[j-ball] Unionized Korean Players Released
- Korean League Expels Unionized
By Thomas St. John
SEOUL, Korea--After a group of players from the Korea Baseball
Organization formally announced they had formed a union, the KBO
and team presidents held an emergency meeting the following morning at
league headquarters in Seoul. Then the league office dropped a bomb
on the newly formed union by expelling all members from the league.
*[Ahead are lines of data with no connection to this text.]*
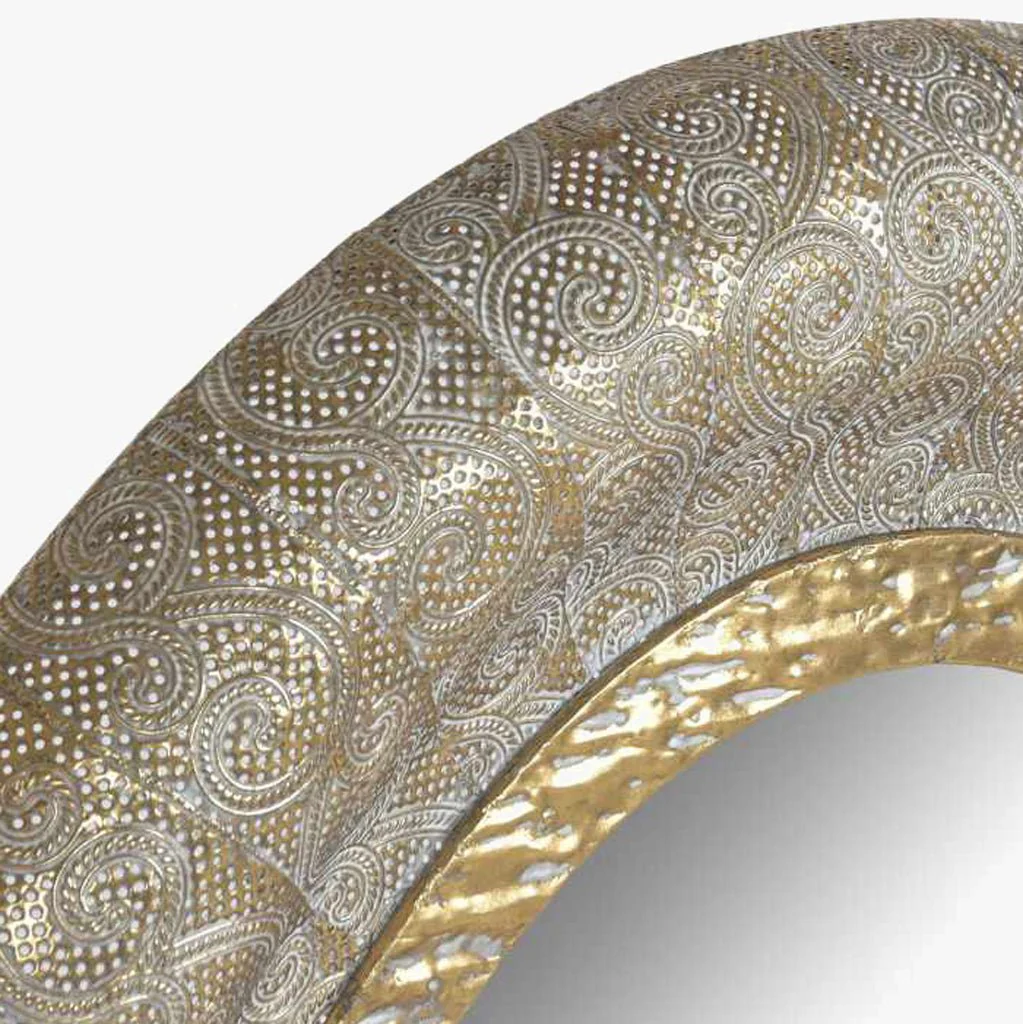 Espelho Oval Metal Dr 78x106 AUREA - Image 2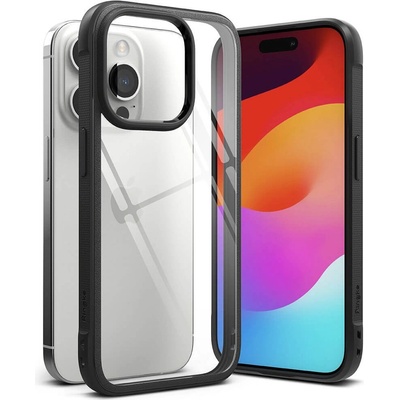 Ringke Противоударен Калъф за iPhone 15 Pro Max, Ringke Fusion Bold Case, Черен (8809919306652)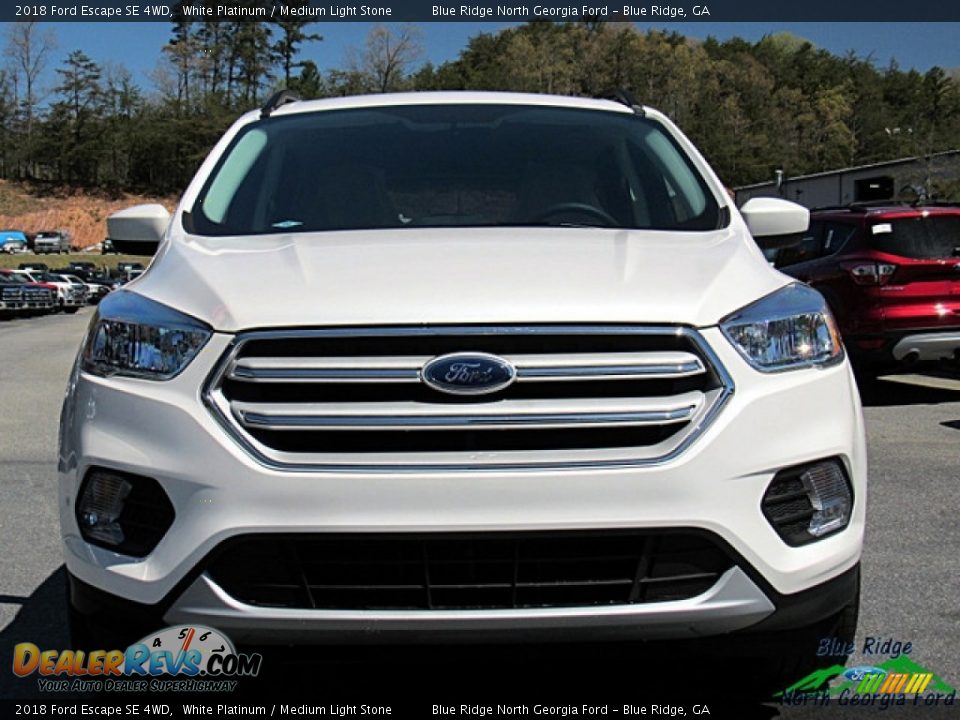 2018 Ford Escape SE 4WD White Platinum / Medium Light Stone Photo #8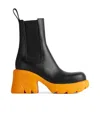 Bottega Veneta Flash Leather Bootie In Black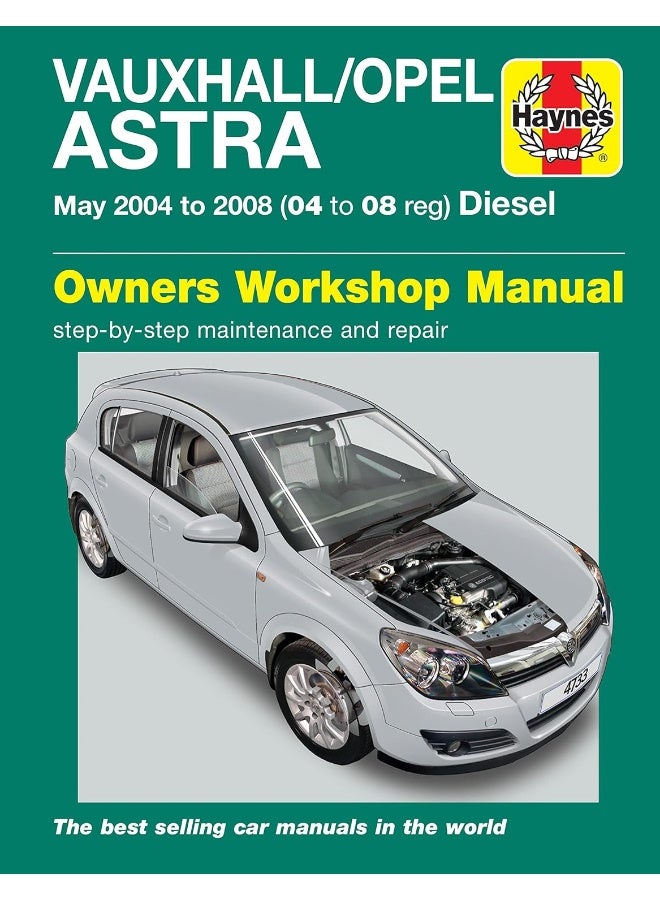 Vauxhall/Opel Astra Diesel (May 04 - 08) Haynes Repair Manual - Image 1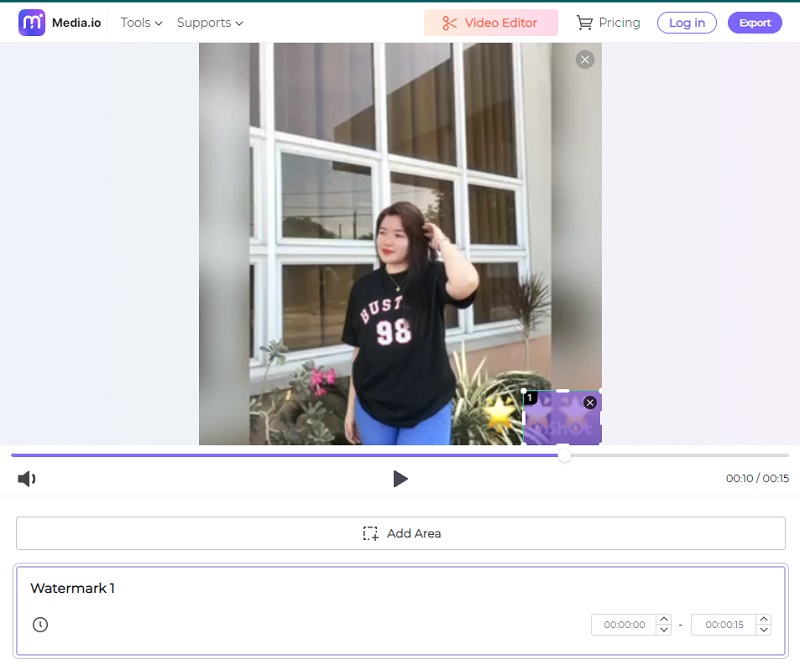 ウォーターマークを削除 Media.io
At the meeting, deputy secretary general Lee Sang-il read a short
prepared statement that said that all 75 players who had signed their
names to a list to join the union were, effective immediately,
unconditionally released from league service. He went on to say that the
season would go ahead and open on schedule without the unionized
The move came as a bit of a surprise to players who were contacted
immediately following the announcement at KBO headquarters. Within
15 minutes, one player contacted by the Korea Times expressed shock
that he was suddenly out of a job this season.
"I cannot believe it," said the player, who wished not to be named. "I will
call teammates now and inform them of what has happened but in my
opinion, this will only make our thinking stronger."
During a news conference at the KBO, Lee Sang-kook, secretary
general of the league, said that if any player were to renounce the union,
they would be allowed back into the league and immediately be
reinstated. No questions asked.
The team presidents and KBO came together quickly and seemed to be
both highly organized and full of resolve.
"We will not even entertain the idea of a union at this time," said Lee
Sang-hyun, manager of the KBO's Operations Division. "We have no
plan to ever negotiate with any kind of a player union at all."
Some of the 75 players who have joined the union are the core players
of the league. Big names like Yang Jun-hyuk of the Haitai Tigers; You
Ji-hyun, of the LG Twins; Chong Su-kun and Shim Jong-su of the
Doosan Bears; and Song Jin-woo of the Hanwha Eagles, who was also
elected as the union's chairman. Song became the first player in KBO
history to sign a lucrative multiyear contract after the onset of free
agency late last year.
The timing could not be worse for the league, which is coming off its first
profitable season in four years and was planning to make a surge
forward to win back the fans they had lost over the years.